As deadly as the San Angelo Lakeview tornado was, it came so close to being so much worse. The tornado struck between 215p and 3p. In it's path from 17 miles northwest of San Angelo to just east of Armstrong Street, the tornado slammed into Lake View Junior High School.
Principal Mac Snodgrass was getting ready to drive a bus full of children home. The tornadw was right in the path of where he would be driving. Fortunately, he received a call from Superintendent, Jean Burleson, about the possibility of a tornado. Snodgrass' quick action, getting the kids to safety probably saved countless lives.
Students, who were in the school that fateful day, often tell the story of what happened when the storm hit. A 7th Grade student later told reporters that as the storm approached he could hardly breath. Students were instructed to go into the hall. One student barely escaped his desk, when the glass caved in and dust, dirt, sticks and every manner of debris crashed into the classroom and spilled into the hall.

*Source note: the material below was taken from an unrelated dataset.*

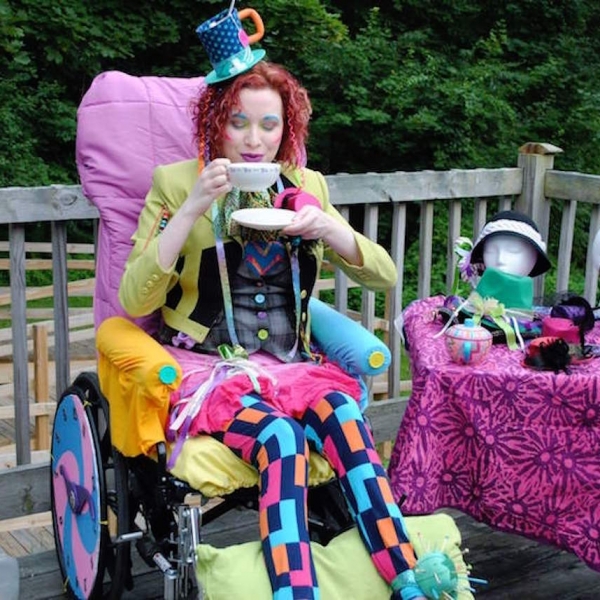 A young woman in a costume sipping on tea in her wheelchair next to a table covered with more costume iterms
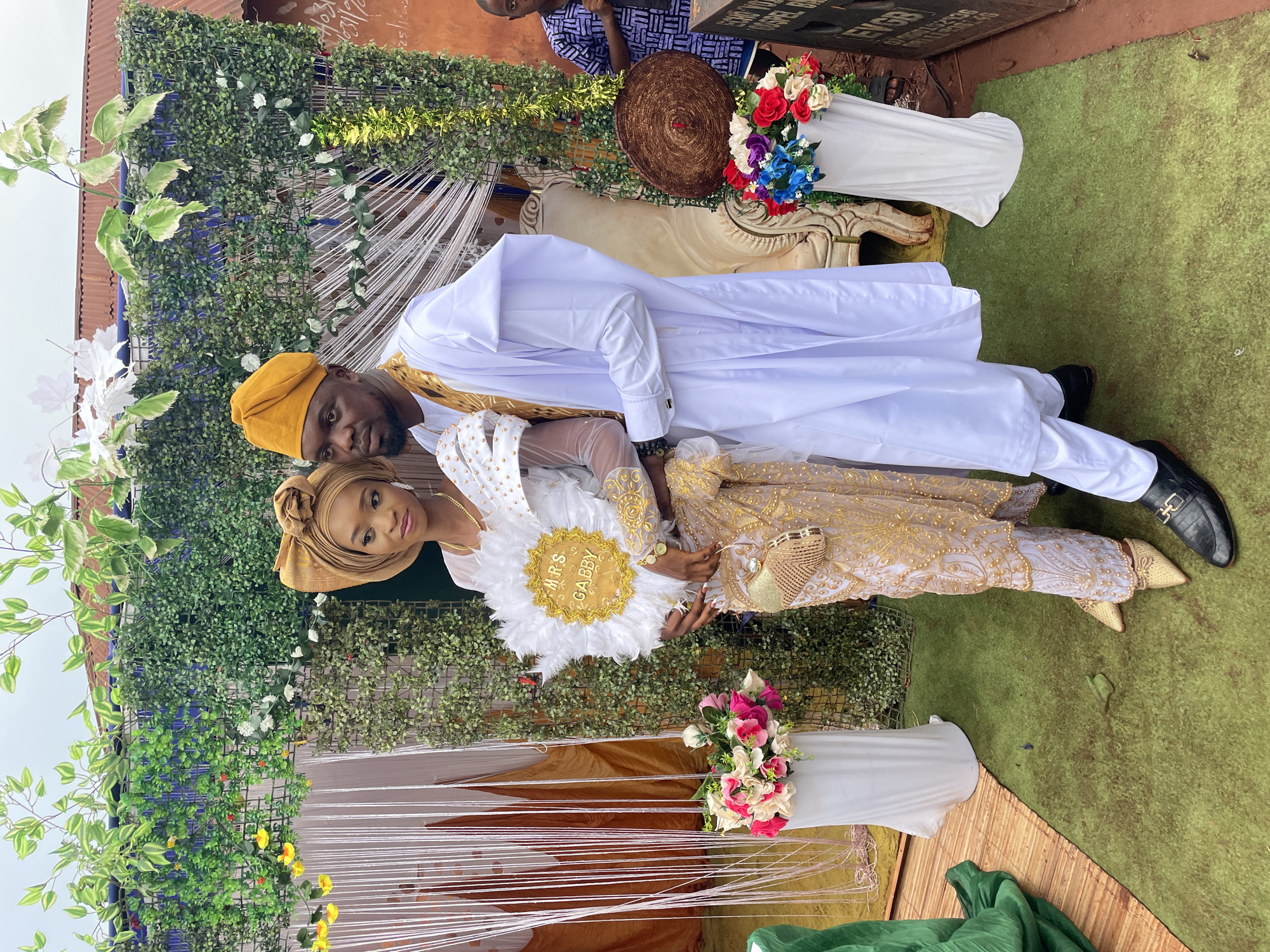 In Ogbe, Nigeria, a couple is photographed in an outdoor setting. The man, wearing a yellow cap and white robe, lies behind the woman. The woman is also in traditional attire and holds a fan that reads "Mrs. Gabby". They are positioned against a backdrop of greenery, white draped fabric, and flower arrangements in white vases. Additional details in the scene include a decorative bench with a woven hat and more flowers. The ground is covered with green turf.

The roof blew off and while there was alot of screaming and desperate crying, the only sound anyone could hear was the wind and rain. Considering that there were 1000 people in the school when the tornado hit, everyone got out alive. There were only a few minor injuries.
Of course, many of the students saved that day went on to have families of their own and grandchildren. All those descendants can thank the quick acting hero teachers and administrators at that school on that fateful day for their very survival.

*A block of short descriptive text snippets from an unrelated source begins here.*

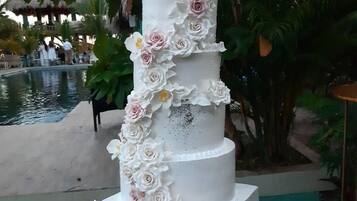 Un gâteau de mariage à plusieurs étages, décoré de fleurs blanches et roses, placé à l’extérieur, près d’une piscine.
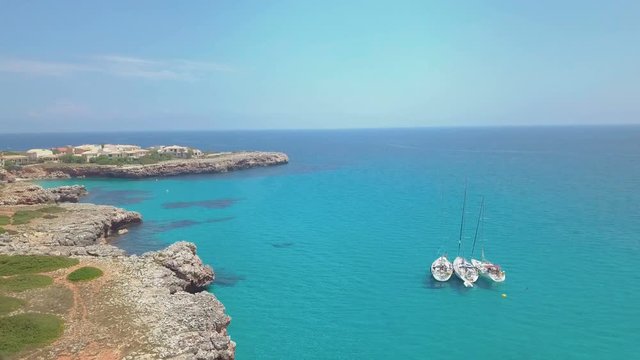 Tropical Ionian Greece Blue Lagoon island Aerial 4k travel video. Ocean sea forest coast seashore, water, yacht boat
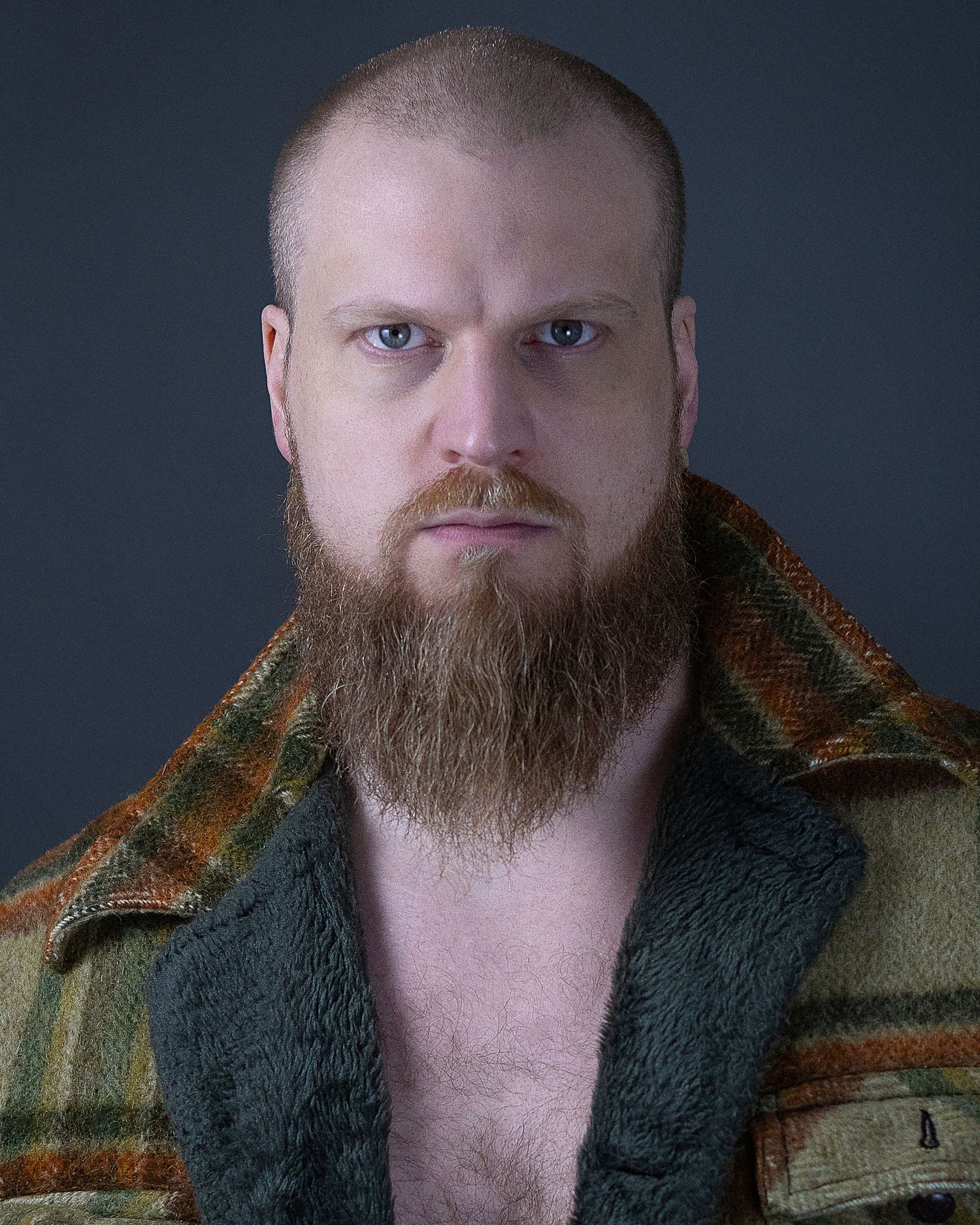Portrait of someone wearing a plaid flannel coat with a full brown beard against dark background.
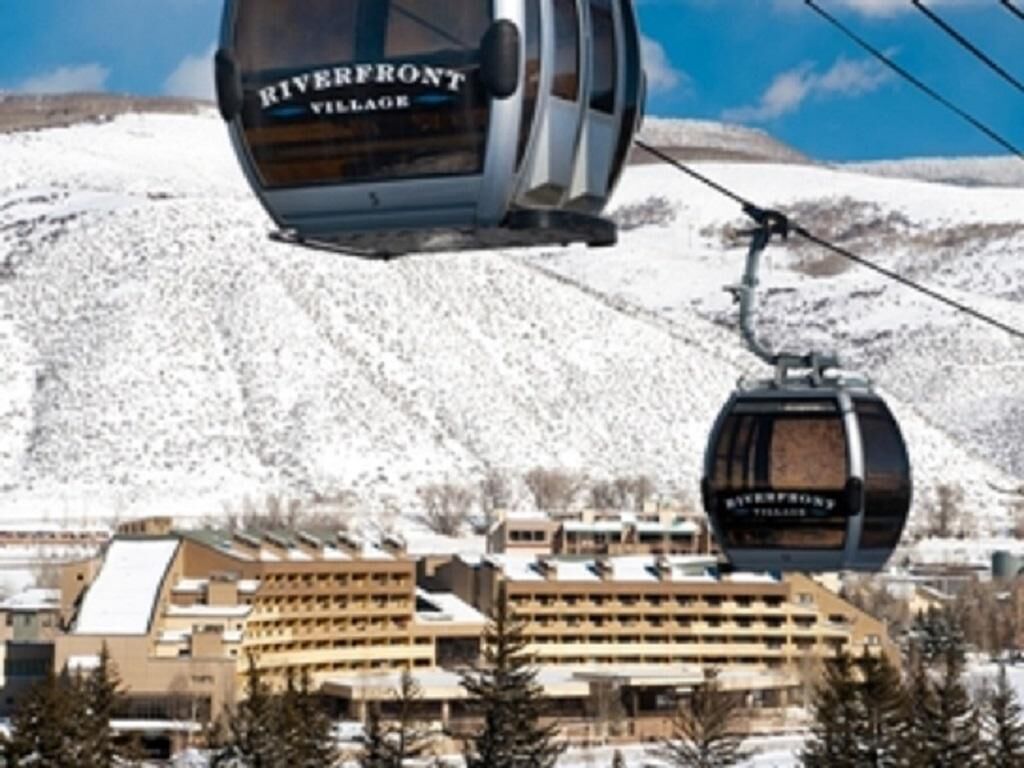 A cable car with 'Riverfront Village' written on it, a building with multiple floors, and a snowy mountain in the background.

Every time a thunderstorm roars in the distance, those who've been through a tornado event live in fear that it will happen again. It is never a bad idea to learn what to do to be safe if and when it does happen again.
Anyone who is still around who survived that day surely will never forget it. Let's hope if this ever happens again in San Angelo, we'll have heroic leaders who again will know what to do and save lives.